ネオブランドですね。理論上モダン最速デッキです」

環境最速

アロサウルス乗り新生化グリセルブランド

ネオブランド。

《アロサウルス乗り》をピッチコストで唱え、すかさず《新生化》。ライブラリーから《グリセルブランド》が登場し、ライフ回復するピッチスペル《滋養の群れ》を利用してライフゲイン→ドロー→ライフゲインを繰り返してライブラリーを引き切るコンボデッキである。

大嵐の咆哮、スラスタ籠城用投薬

今回の矢島のリストでは、最終的に《大嵐の咆哮、スラスタ》《籠城用投薬》で大幅サイズアップして一撃でライフ20点を削り切ることをゴールにしている。

絡み森の大長

《絡み森の大長》を使えば1ターン目に《グリセルブランド》着地もありうる、現在のモダンで許されている1ターンキルである。

このコンボデッキそのものは2019年から存在するものの、『モダンホライゾン3』のメタゲーム上にはほとんど――いや、まったくといっていいほど浮上していなかった。晴れる屋のデータベースにはこの1年間でわずか4件しか登録されていない。

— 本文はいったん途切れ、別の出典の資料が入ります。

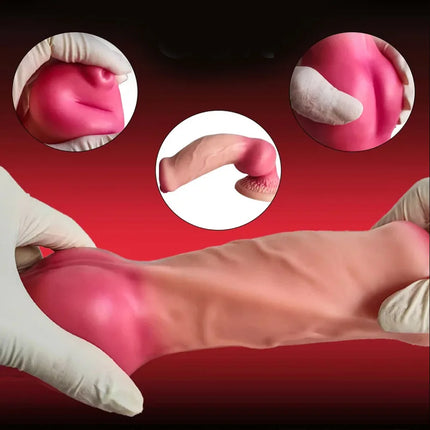 Huge Animal Dildo Anal Plug Sex Toy for Men Women Adult Supplies Large Butt Plug Dog Dildos with Suction Cup Vaginal Masturbator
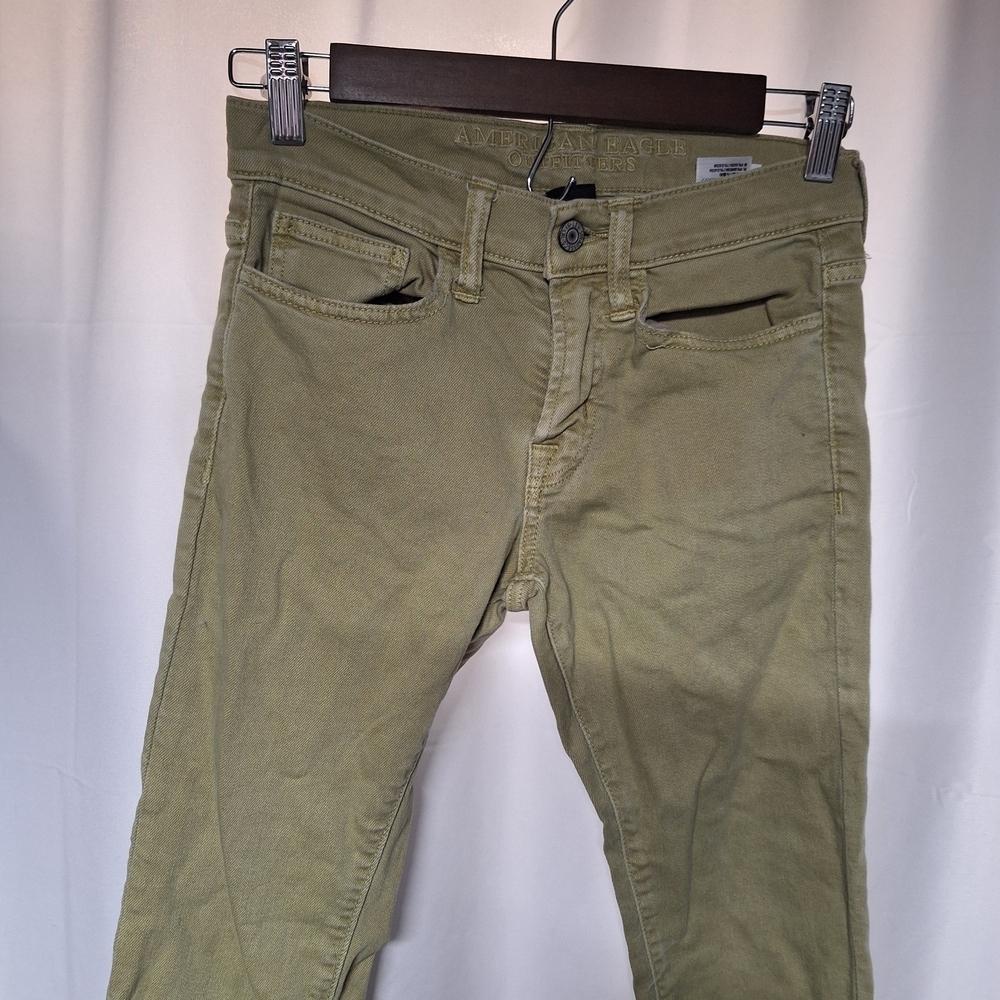 American Eagle Outfitters Men's Green Skinny Jeans - Picture 2 of 10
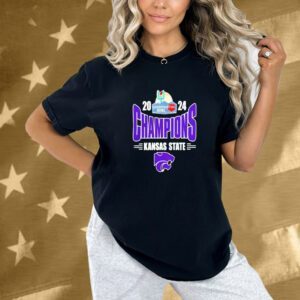 K-State Wildcats 2024 Rate Bowl Champions NCAAF Bowl Games 2024-2025 Shirt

第3ラウンド終了時、ここまで3-0の矢島選手に聞く。

――なぜいまネオブランドを選択したのでしょうか。

「明らかにルビーストームに注目が集まっていましたよね。ルビーストームを使わないがわになるなら対策は必須というかんじで」

ルビーの大メダル捨て身の儀式炎の中の過去

理論上、最速2ターンキル

「ならこっちはもっと速いデッキです。ネオブランドには理論上1ターンキルがあります」

絡み森の大長アロサウルス乗り新生化

【1ターンキルの初手の例】
これに加えて青マナが出る土地、緑のカード1枚

「いろんなデッキにチャンスがあって混沌としているメタゲームではこうした”速さ”が重要な要素だと思います。レガシーでもThe Spyを使ってますしね!」

「ルビーストームは当然対策されます。ですが、ネオブランドを名指しで対策しようなんて人はいません。そもそも、このデッキをよく知らないという人が多いと思います。サイドボードに有効的なカードがなかったり、あったとしても適切なカードになかなか気付けません」

――先ほどゲームを拝見しましたが、たしかに対戦相手はこのデッキを知らないようでしたね。

モダンホライゾン3での強化

――ネオブランドがこのイベントにあっているのは分かりましたが、『モダンホライゾン3』で強化された要素もあるのではないでしょうか。

「あります。まずは《次元の創世》です」

衝動次元の創世

「かつてはコンボパーツを探すカードとして《衝動》なんかも使っていましたが、《次元の創世》は緑が加わった《衝動》として非常にいいカードです」

アロサウルス乗り

《アロサウルス乗り》をピッチで唱えるために緑のカードが2枚必要なので、デッキのなかの緑の割合は高い方がいいんです」

「そういった意味で《フレイアリーズの信奉者》もかなりいいですね」

フレイアリーズの信奉者フレイアリーズの庭

「これは緑の呪文でありながらアンタップイン土地です。ピッチコストとしても、土地としても使えるんです」

変わり樹の共生召喚士の契約

「これまでも《変わり樹の共生》などが使われていましたが、《フレイアリーズの信奉者》はクリーチャー・呪文なので《召喚士の契約》で探すことができます。これまでは《アロサウルス乗り》を探すのみだった《召喚士の契約》が土地を探すモードを手に入れたんです」

サイドボード

――新カードを得たのは対戦相手も同じです。新環境を意識したサイドボードのカードはありますか?

嵐の乗り切り

「ストーム対策の《嵐の乗り切り》ですね。受けるだけでなく、こちらが仕掛けるときのピッチコストにもなれます」

攪乱のフルート残虐の執政官

《攪乱のフルート》《グリセルブランド》を指名されることを考えてもう一枚の《新生化》先として《残虐の執政官》をとっています」

展望

残念ながらSE進出に2勝届かなかった矢島選手のネオブランドだが、この日モダンプレイヤーはルビーストームの2キル、ナドゥコンボの3キルよりも速い1キルの可能性を思い出すことになった。

『モダンホライゾン3』環境はまだ始まったばかりだが、ネオブランドのように老兵が思いがけず名乗りを上げる日がやってくるかもしれない。